### Work to be completed
In the data below, begin at the line with "Bolu Dağı'nda Kar Ulaşımı Aksattı" and stop after the line with "מודעת רכב טויוטה היילקס"; output those lines exactly and no pictures.
--- Data provided ---
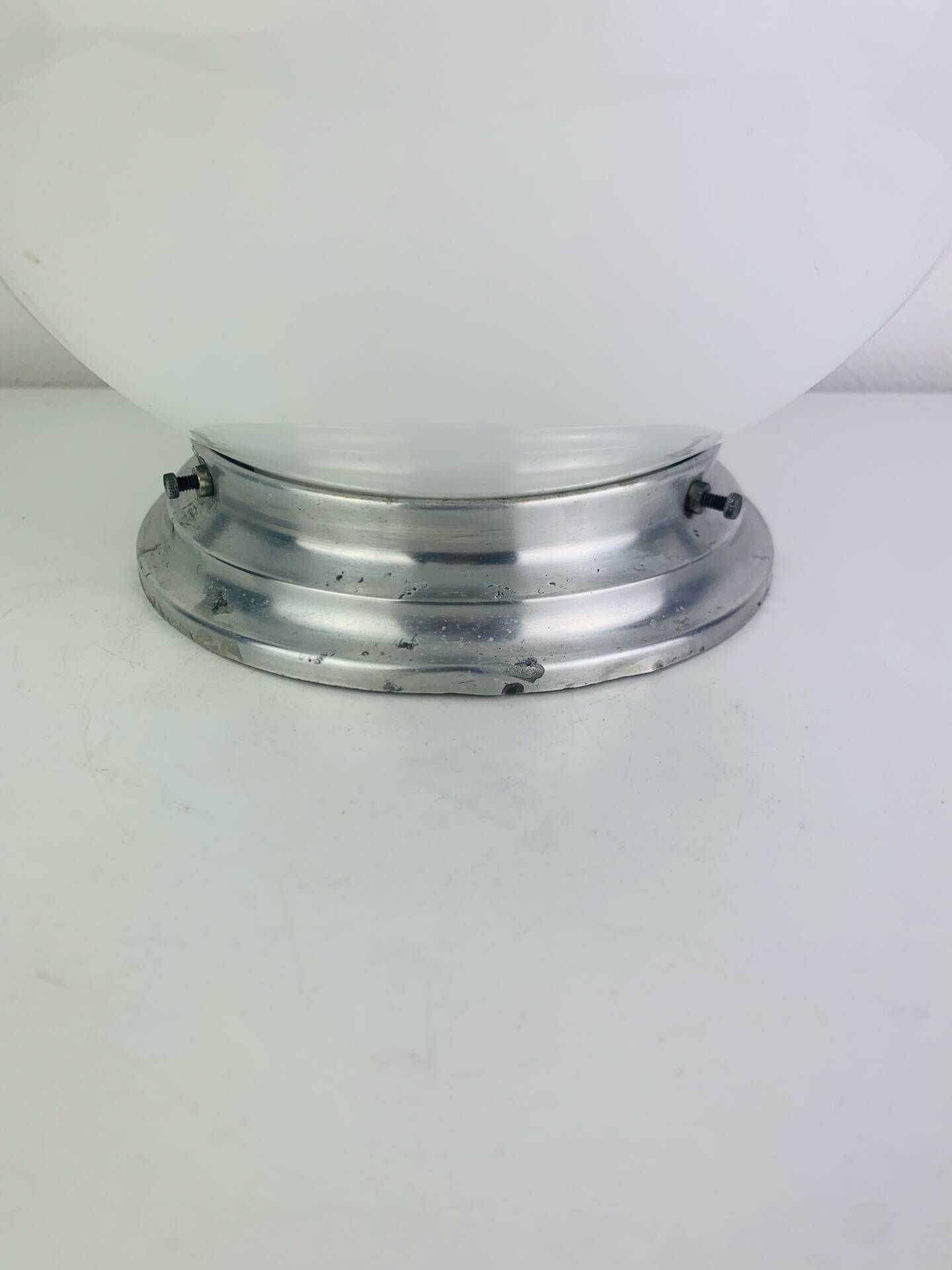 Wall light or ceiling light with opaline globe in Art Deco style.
---
--- Data provided ---
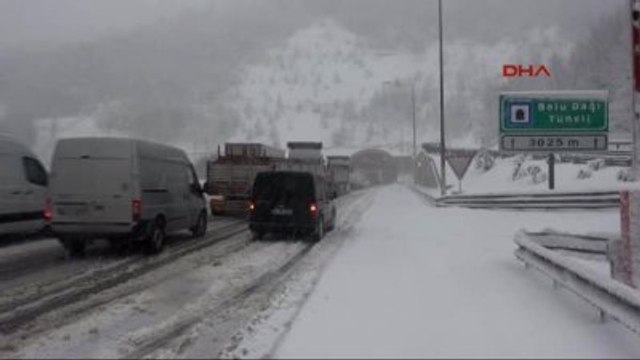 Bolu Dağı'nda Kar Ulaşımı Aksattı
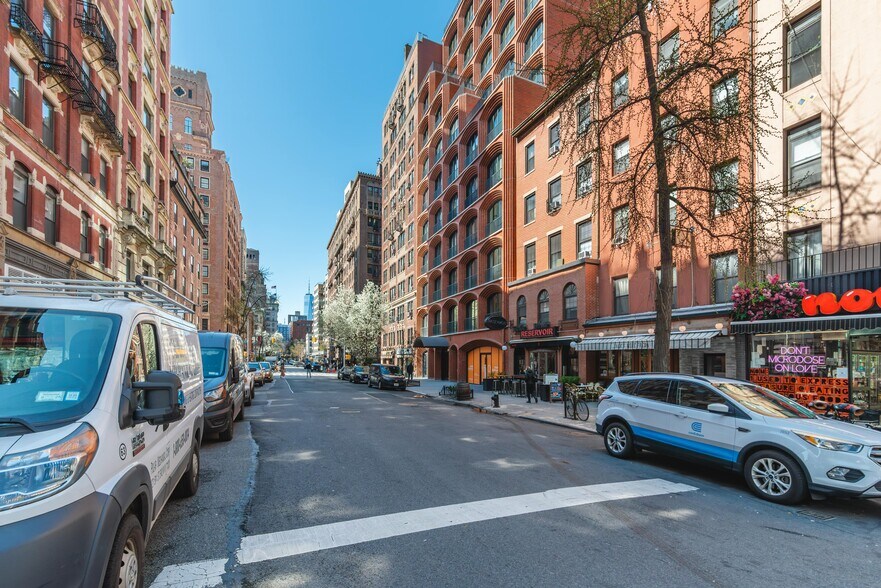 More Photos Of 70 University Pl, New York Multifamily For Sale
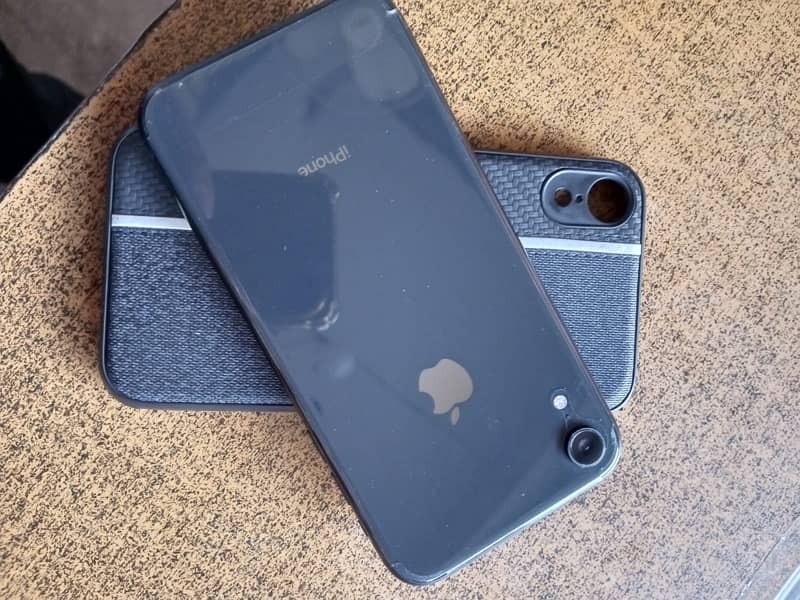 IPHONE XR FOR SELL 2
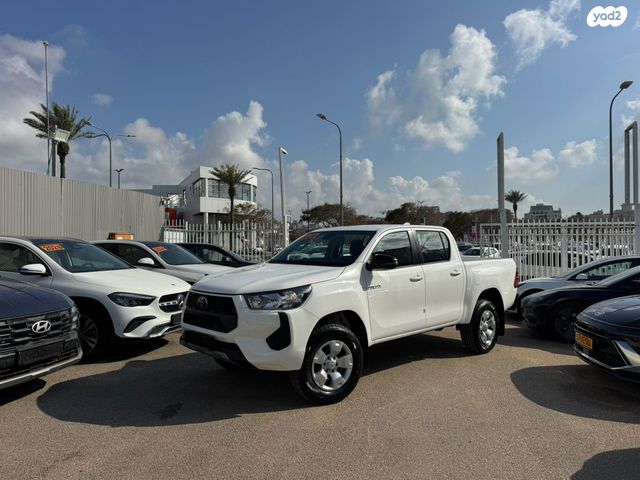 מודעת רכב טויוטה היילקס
---
### Result
 Bolu Dağı'nda Kar Ulaşımı Aksattı
 More Photos Of 70 University Pl, New York Multifamily For Sale
 IPHONE XR FOR SELL 2
 מודעת רכב טויוטה היילקס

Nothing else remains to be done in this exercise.